Já naquele tempo o marquês D. Pedro de Toledo, D. Cristóvão de Eraso, e outros grandes cabos de guerra, se achavam com o marquês de Santa Cruz à frente das muitas tropas que sucessivamente iam desembarcando em terra. E segura a retaguarda pela parte do mar com o bloqueio às embarcações surtas no porto de Angra, tratou o dito marquês de formar um grande esquadrão de todas as nações para resistir aos portugueses. Como estes se demoravam, teve mais lugar de melhorar-se, formando o seu campo de 5 000 homens de guerra. Continuando o desembarque muito a seu salvo, às 10 horas da manhã tinha posto em terra 16 000 homens com 6 peças de campanha, força mui superior à da ilha, e em tal ordem e disciplina que era muito para temer.

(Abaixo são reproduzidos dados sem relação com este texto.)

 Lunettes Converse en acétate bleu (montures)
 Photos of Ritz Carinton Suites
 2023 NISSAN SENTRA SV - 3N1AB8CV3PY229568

Ao meio-dia em ponto estavam por parte da ilha incorporados 8 000 portugueses, franceses e ingleses, e tinha ficado em Angra uma suficiente guarnição, a cargo dos capitães Miguel da Cunha, Sebastião do Canto, que servia em uma fortaleza, e Tomás de Porras Pereira. Na vila da Praia deixou o conde duas companhias. Achava-se também no seu campo 400 homens de cavalo; e em todos os corpos deste exército reinava o maior entusiasmo de valor, tocando caixas, pífaros, tambores e outros instrumentos bélicos, dispondo-se já cair impetuosamente sobre o inimigo.

Destinava o conde acometer o campo do marquês com todas as suas forças; e contudo sobre isto houveram diferentes pareceres, decidindo-se finalmente que por ora se destacasse gente a escaramuçar e impedir a fortificação, e que ao mesmo tempo se cortasse a marcha sobre a estrada da beira-mar, que vai ao caminho da Salga, por onde ele podia facilmente recolher-se à cidade; enquanto o conde estendia uma linha para encadear as duas montanhas com o vale, tomando a frente do inimigo, de forma que lhe não restasse esperança de salvamento senão retirando-se outra vez ao mar.

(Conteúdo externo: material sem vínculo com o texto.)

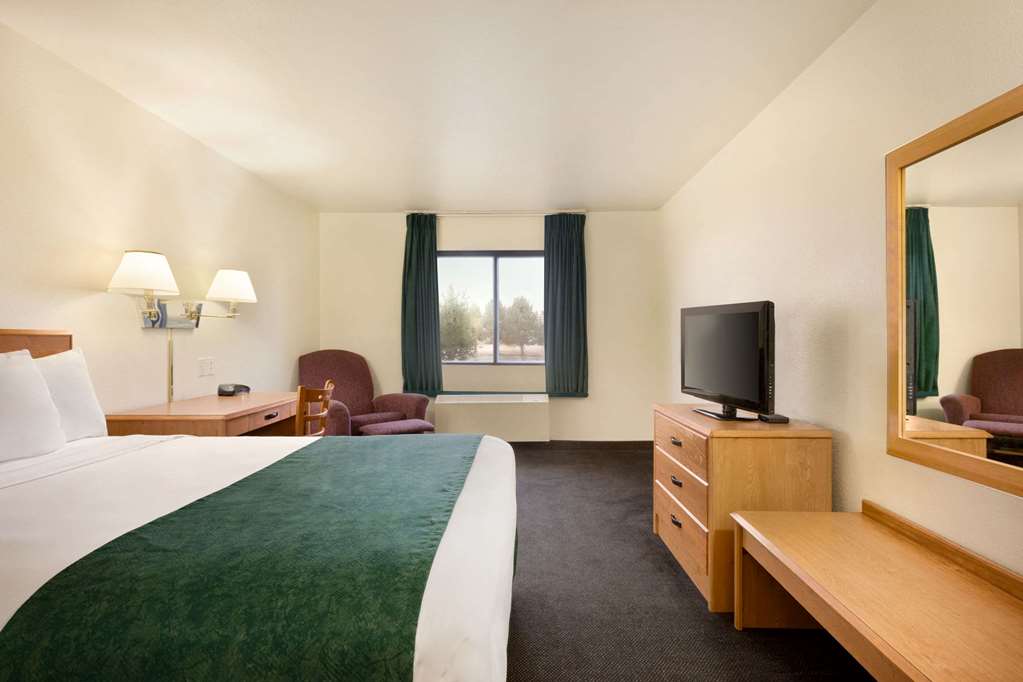 Travelodge Alpine - thumb 3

Neste projecto destacou a Mr. de Chaste com os seus franceses para assenhorear-se do Pico dos Cornos, ao levante do arraial inimigo; e ordena ao capitão António da Silva que com 2 000 portugueses ocupasse as faldas do Pico das Contendas da parte do poente, defendendo a sobredita estrada da beira-mar; no entretanto ele conde com o resto do exército defendia o centro do vale, postando-se no campo plano a que chamam Tabuleiros, lugar eminente, no princípio do qual estava o marquês senhor dos fortes e terreno a eles contíguo.

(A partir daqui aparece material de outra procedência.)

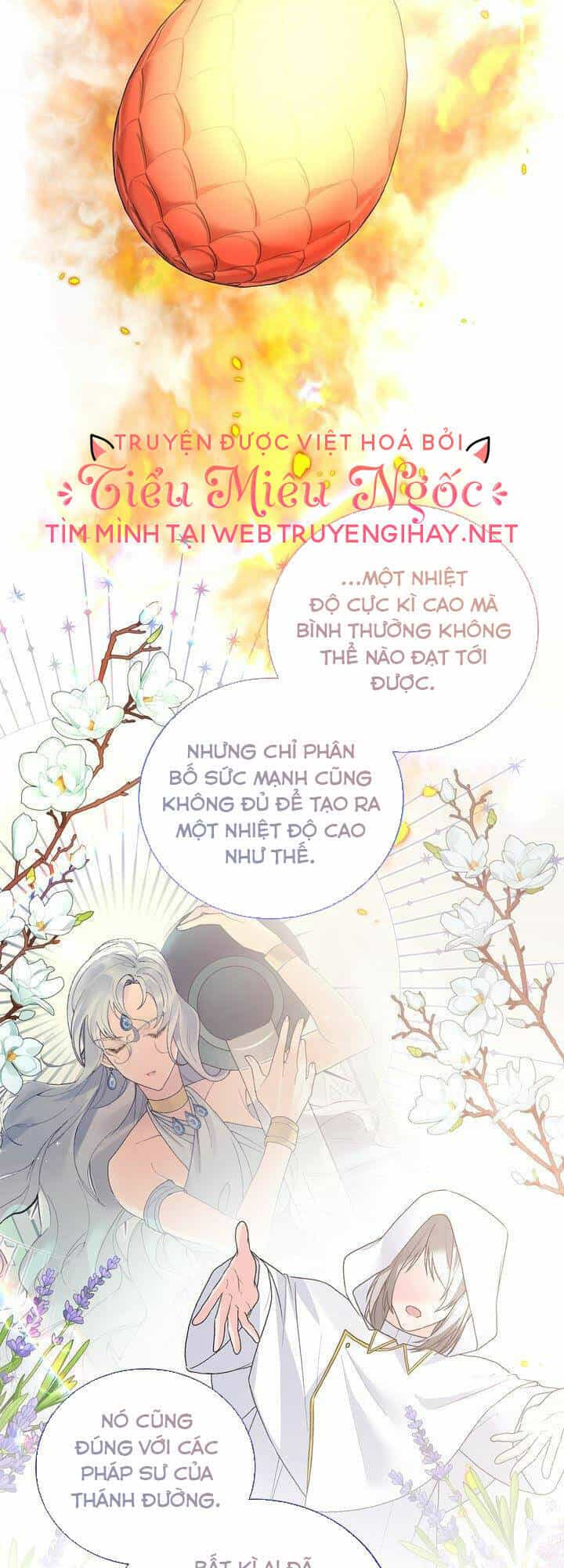 Ngay Cả Khi Là Ác Nữ, Tôi Vẫn Sẽ Trở Thành Nữ Chính - Chương 67 - ảnh 23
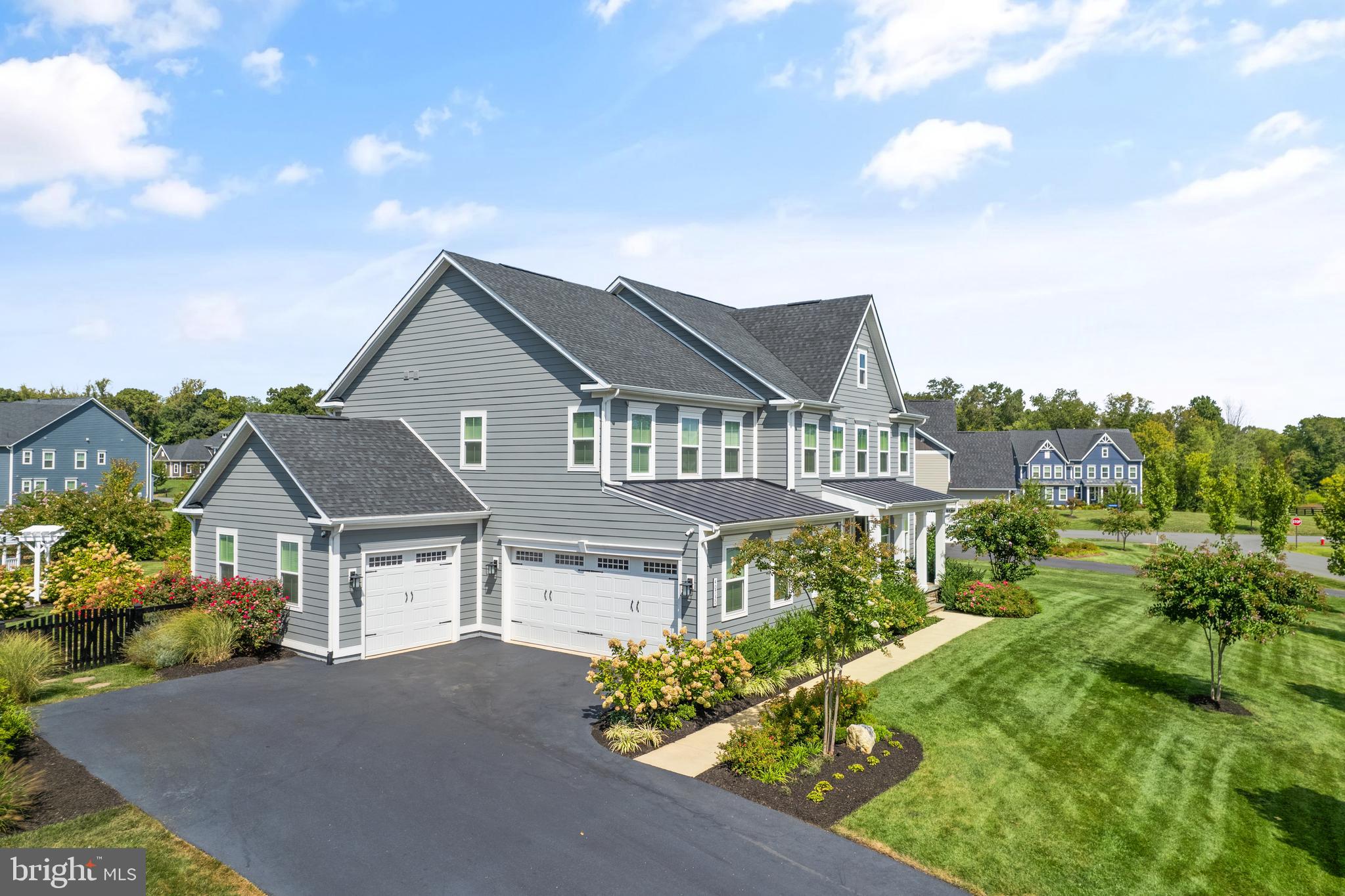 GREENS SOUTH AT WILLOWSF - Residential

Não cessavam as escaramuças na vanguarda dos exércitos, com grande valor de parte a parte; e sendo conhecida a vantagem da gente da ilha, pelo uso das lanças e dardos com que duas vezes tinham ganhado as primeiras trincheiras, e da terceira vez chegado às segundas, ordenou o marquês prover os seus de um grande número daquelas armas, com que em breve tempo repeliu e fez retirar os nossos por estarem já muito cansados da vigília da noite e trabalho daquele dia. Sem embargo que não ganhou o marquês terreno algum para a frente, ainda que bem mostraram ser homens de experiência e valor (segundo Herrera) Manuel da Veiga, Agostinho de Herrera, Vicente Castellolin, Juan de Texeda, Luiz de Guevara, D. António de Passas Souto Maior, D. João de Luna e outros muitos.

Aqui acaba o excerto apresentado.